### DATA EXTRACT ###
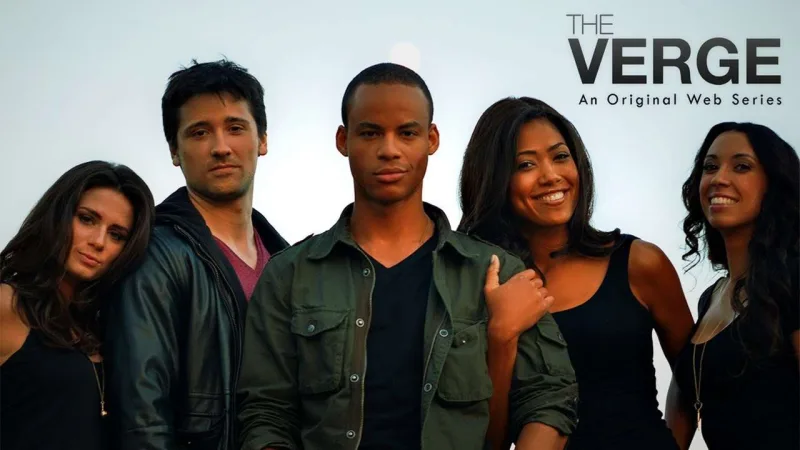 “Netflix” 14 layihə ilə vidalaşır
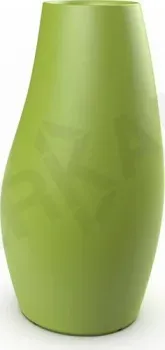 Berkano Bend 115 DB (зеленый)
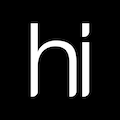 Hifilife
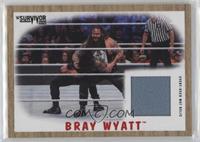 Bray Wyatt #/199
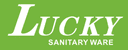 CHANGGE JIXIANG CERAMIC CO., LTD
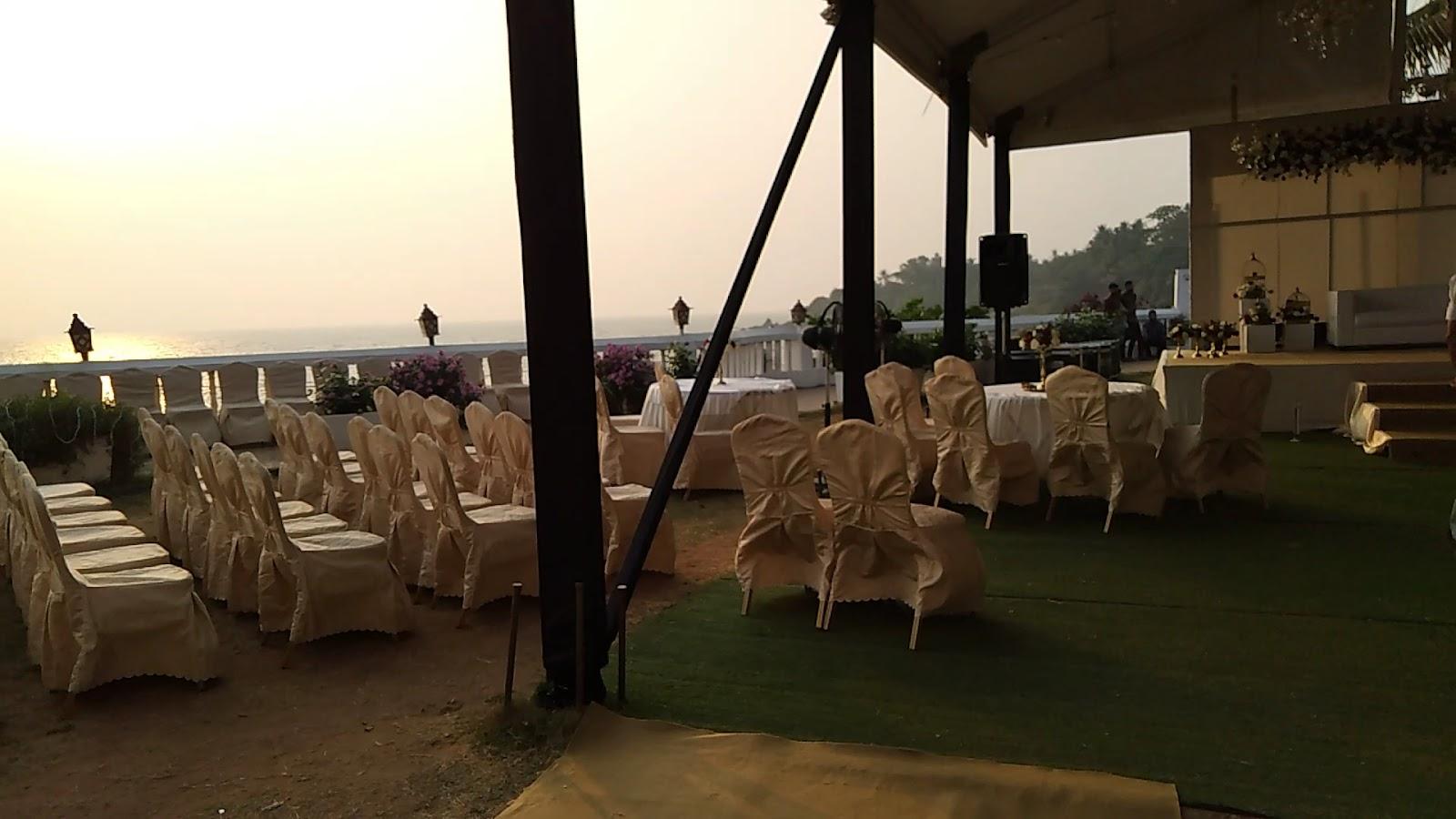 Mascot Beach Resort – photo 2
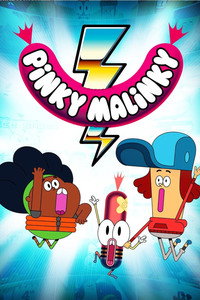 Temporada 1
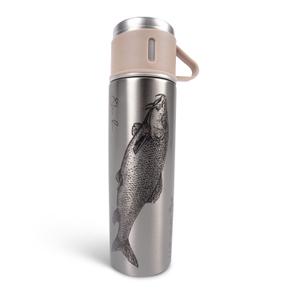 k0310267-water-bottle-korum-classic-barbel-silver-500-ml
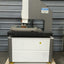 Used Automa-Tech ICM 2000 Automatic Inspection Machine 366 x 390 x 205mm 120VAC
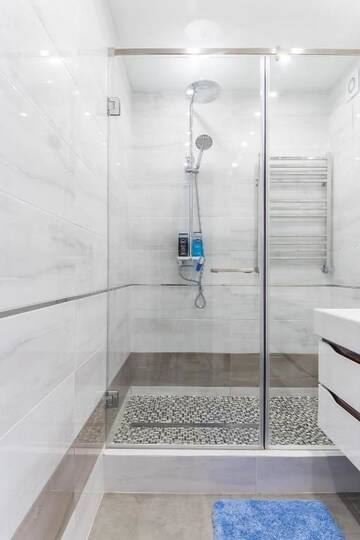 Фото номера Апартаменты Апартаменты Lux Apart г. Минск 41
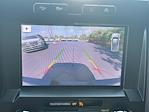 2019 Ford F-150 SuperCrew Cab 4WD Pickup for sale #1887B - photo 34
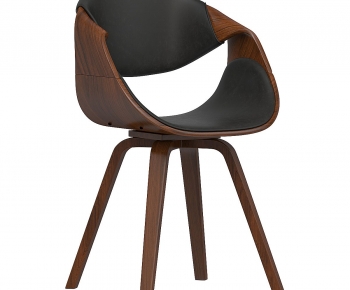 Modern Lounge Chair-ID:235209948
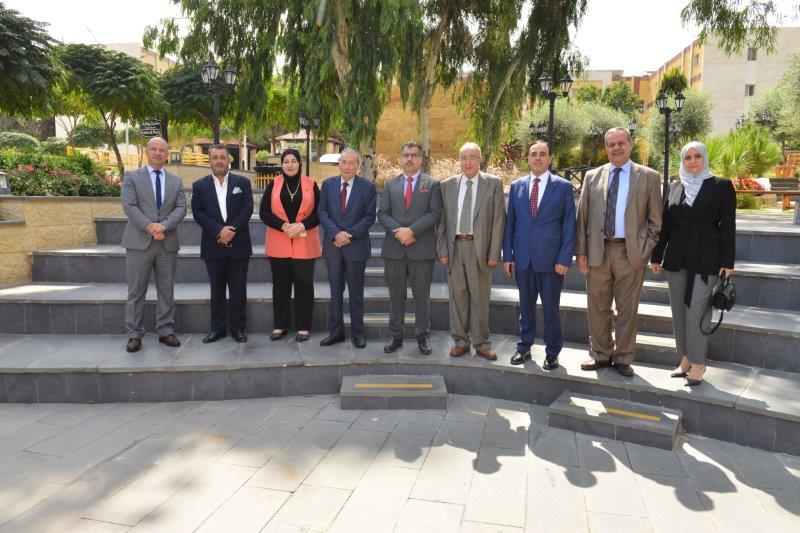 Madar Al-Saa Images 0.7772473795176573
###
GOAL OF THE EXERCISE: Pictures stay out; everything else in the records gets copied exactly.

OUTPUT:
 “Netflix” 14 layihə ilə vidalaşır
 Berkano Bend 115 DB (зеленый)
 Hifilife
 Bray Wyatt #/199
 CHANGGE JIXIANG CERAMIC CO., LTD
 Mascot Beach Resort – photo 2
 Temporada 1
 k0310267-water-bottle-korum-classic-barbel-silver-500-ml
 Used Automa-Tech ICM 2000 Automatic Inspection Machine 366 x 390 x 205mm 120VAC
 Фото номера Апартаменты Апартаменты Lux Apart г. Минск 41
 2019 Ford F-150 SuperCrew Cab 4WD Pickup for sale #1887B - photo 34
 Modern Lounge Chair-ID:235209948
 Madar Al-Saa Images 0.7772473795176573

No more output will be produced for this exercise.